Beethoven Sonata Reviews: Guardian

The Guardian 15th December 1987

Edward Greenfield on Malcolm Arnold’s cello premiere

‘Love notes’

MALCOLM ARNOLD, colourful and prolific among British composers, has been losing out on both those qualities in recent years. But here, in the Fantasy for solo cello he has written for Julian Lloyd Webber he has bounced back with a work generous and direct, exuberant in the way it draws out all the richest and warmest qualities of the instrument. This is a composer, one infers from every note, who loves the cello.

It was good to have Lloyd Webber’s world premiere in his recital at Wigmore Hall anticipated by an equally fine recording, already available from ASV. Not that with Arnold’s Fantasy you need the sort of intensive preparation that many of today’s composers seem to demand for their new works.

Arnold, the supreme professional, has managed to write music which gives the soloist plenty of chances to show off effectively without posing thorny technical problems.

Where so many solo cello works from Bach onwards are gritty with double-stopped chords that try to imitate a full orchestra, Arnold in his seven brief linked movements puts the emphasis on warmly lyrical writing.

Lloyd Webber responded accordingly, pointing up the sharp contrasts of tone and dynamic that Arnold has marked to avoid blandness, biting hard on the vigorous writing in the central AlIa Marcia.

So graceful a work, I am sure, will quickly become a favourite with cellists badly needing solo music that exploits the instrument without either sawing off players’ fingers or listeners’ ears.

For the rest of his recital, Lloyd Webber was accompanied by Peter Pettinger in music for cello and piano.

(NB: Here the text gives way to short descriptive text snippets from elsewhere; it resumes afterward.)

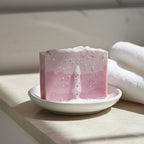 Close-up of bubbles on a pink Finishya Rose soap bar sitting on a white dish, demonstrating a rich lather for sensitive skin.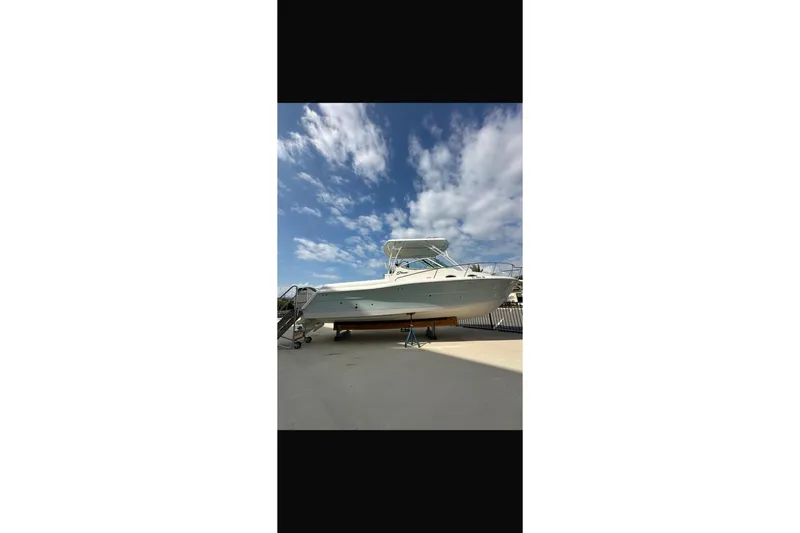 Slide: The Image of 2020 Stamas 326 Aegean boat on dry dock under a blue sky. - 2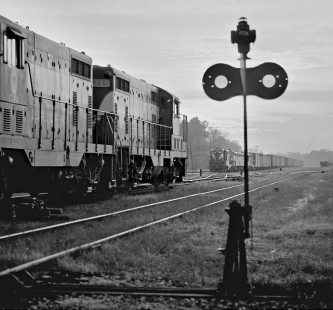 Southbound Seaboard Air Line Railroad freight train enters yard at Raleigh, North Carolina, passing a northbound extra train awaiting clearance in July 1962. Photograph by J. Parker Lamb, © 2016, Center for Railroad Photography and Art. Lamb-01-069-06
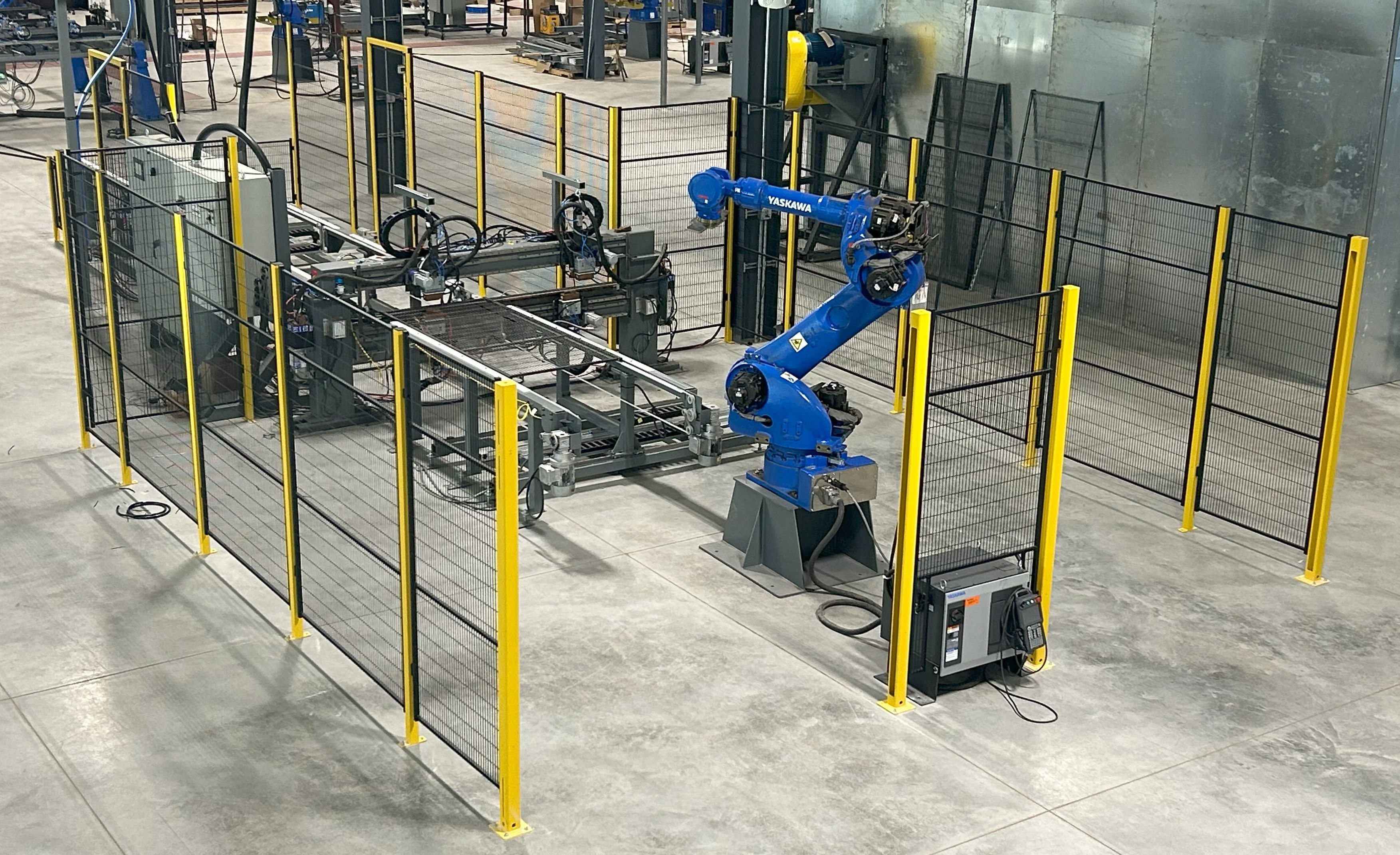 Industrial robotic cell with safety guarding, interlocked doors, and area scanners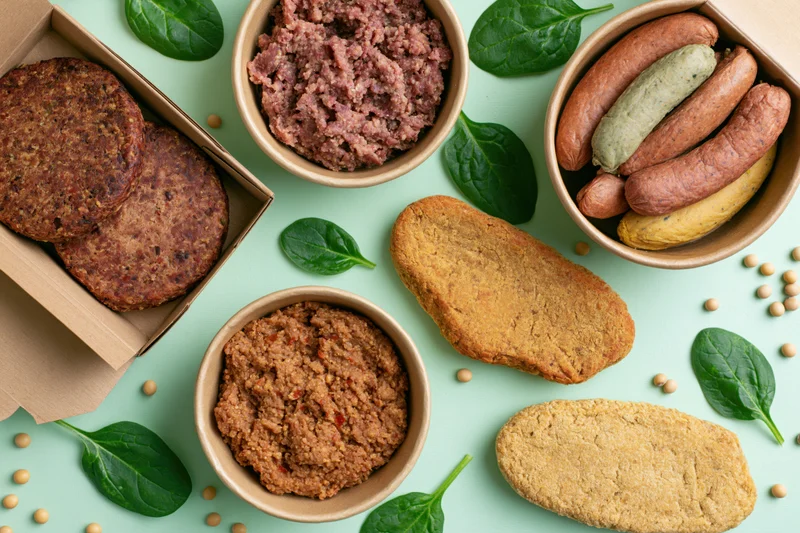 Assorted plant-based meat products arranged in kraft paper containers and bowls on a green surface with spinach and soybeans scattered around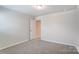 Bedroom with neutral carpet and an open doorway at 14726 Tamarack Dr, Charlotte, NC 28278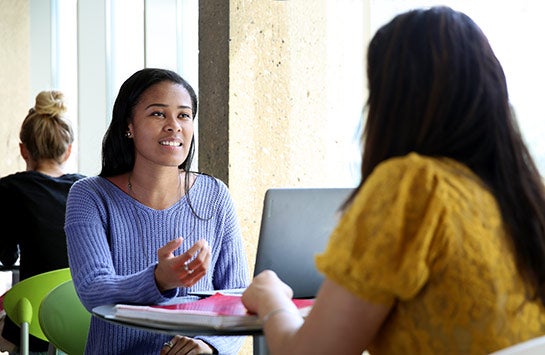 Two UIC students sitting at a table and talking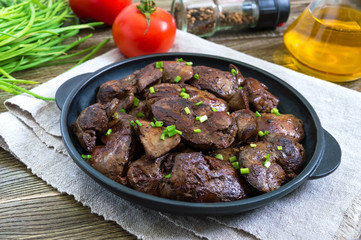 Fried chicken liver with young green onions in a cast-iron frying pan on a wooden background. Tasty healthy dish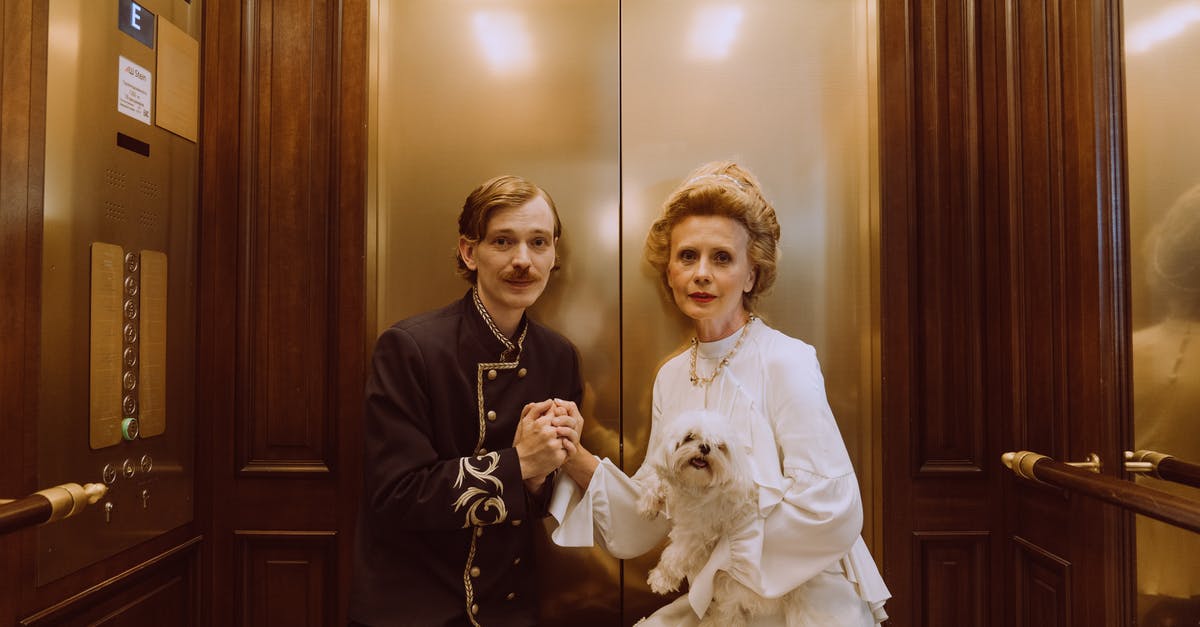 How to tip a concierge or a hotel porter? - Woman in White Long Sleeve Dress Beside Man in Black Long Sleeve Shirt How to tip a concierge or a hotel porter? - Woman in White Long Sleeve Dress Beside Man in Black Long Sleeve Shirt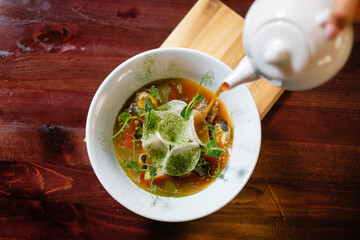 The process of pouring soup into a bowl top view. Original serving of soup.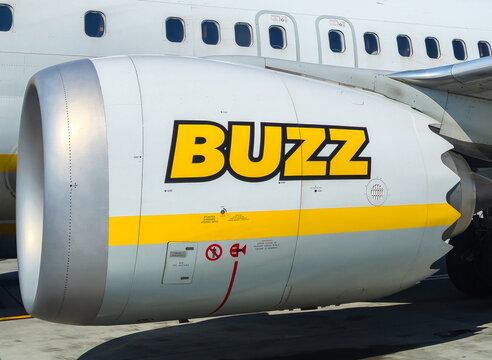 Bari, Italy - July 5, 2026: Buzz airline jet engine close-up on Boeing aircraft fuselage at airport, yellow logo visible on turbine nacelle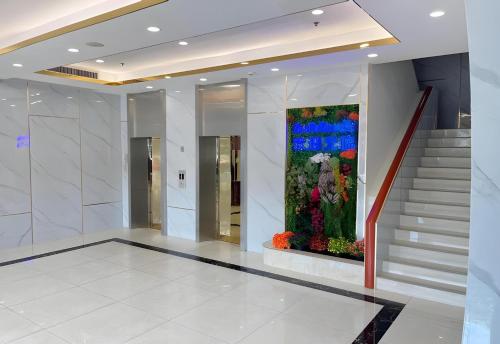 a lobby with a large flower arrangement on the wall at Palette The Travellers Hotel Bangkok in Bangkok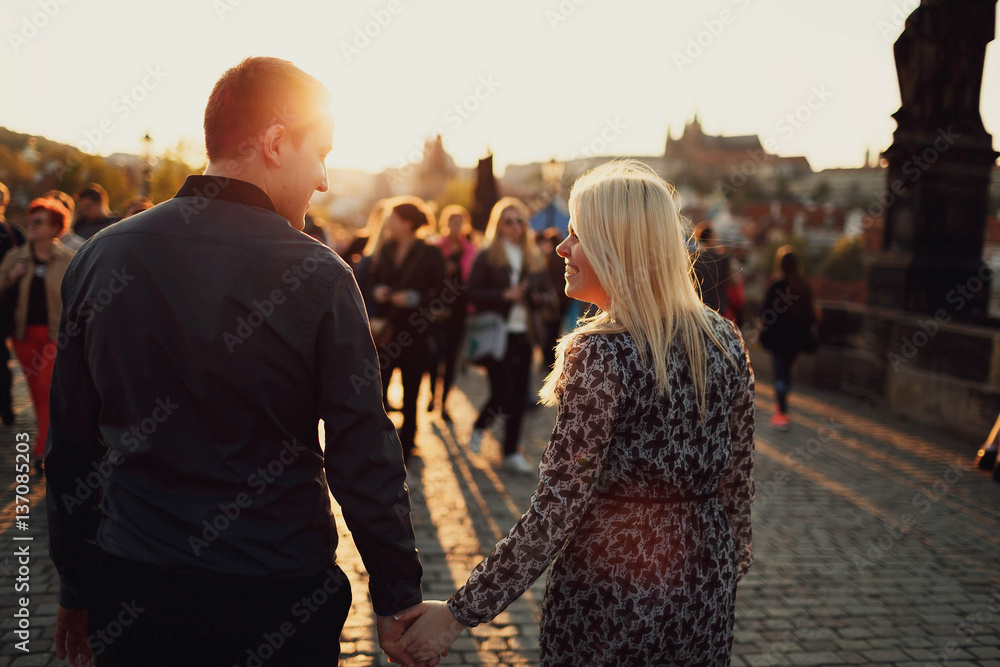 Obraz premium young woman and man walking on the old street at sunset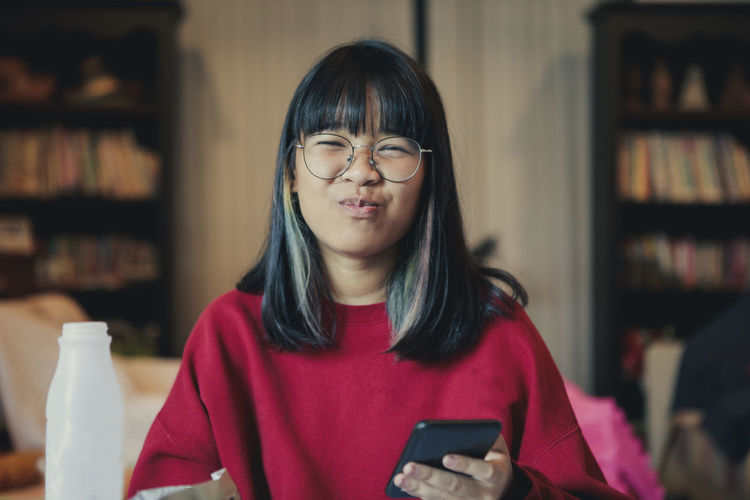 Happiness face of asian teenager eating snack in home living room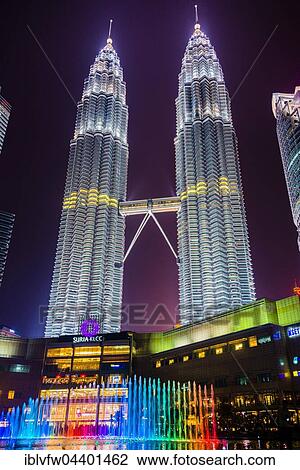 Stock Image - Lighted Petronas Towers with colored fountain at night, Kuala Lumpur, Malaysia, Asia. Fotosearch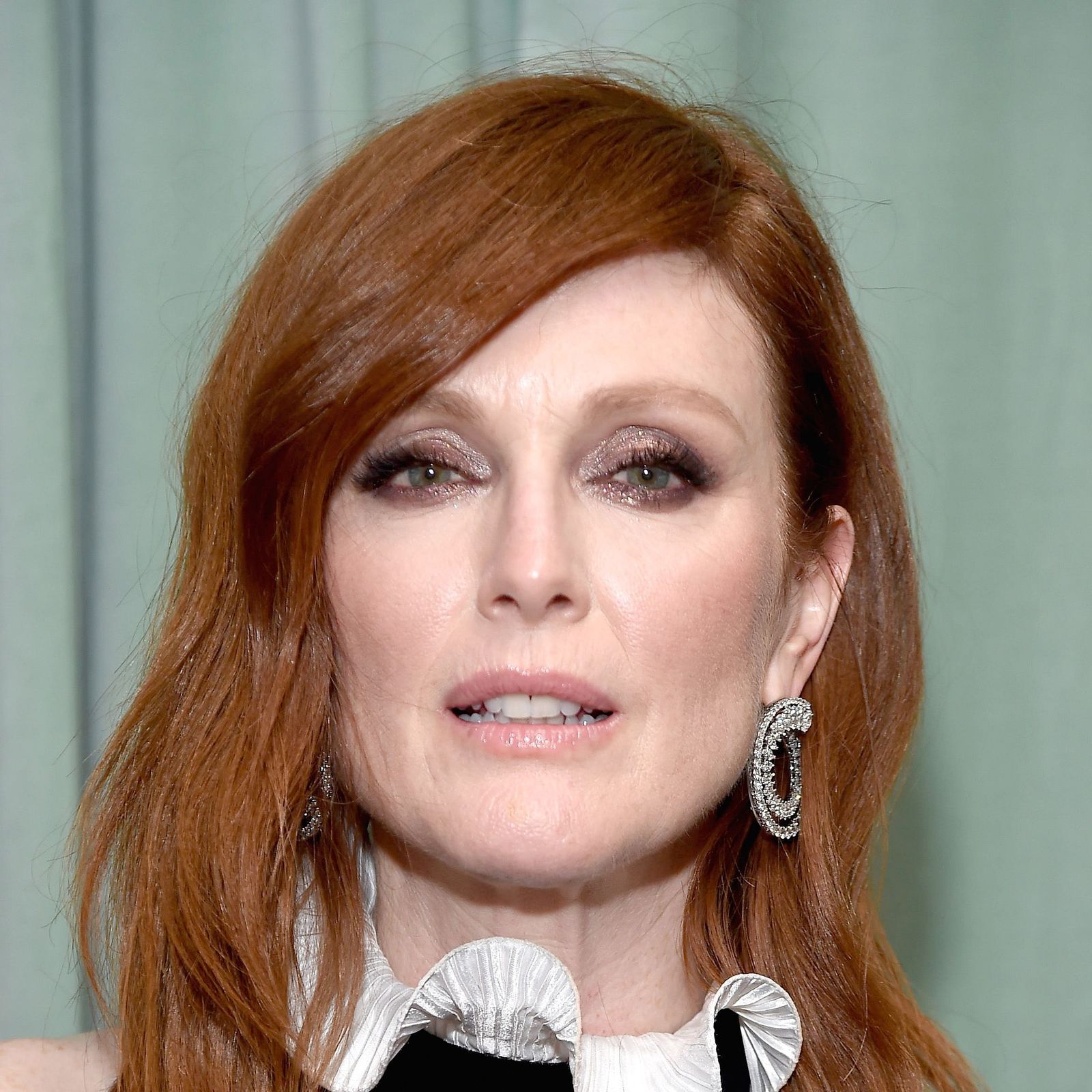 Vibrant Red Chin-Length Bob — Winter Hairstyles for Women Over 50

The ardour of the performance of the Arnold led at once to an equally resonant and dramatic account of Beethoven’s last Cello Sonata, opus 102 no. 2, sometimes counted a problem work but not here.

Beethoven in this context seemed to tower over anything the 20th century could offer – even the Debussy Sonata – cryptic, compressed, made to sound in Lloyd Webber’s gutsy performance almost as English as the pieces by Bridge and Rawsthorne with which he surrounded it.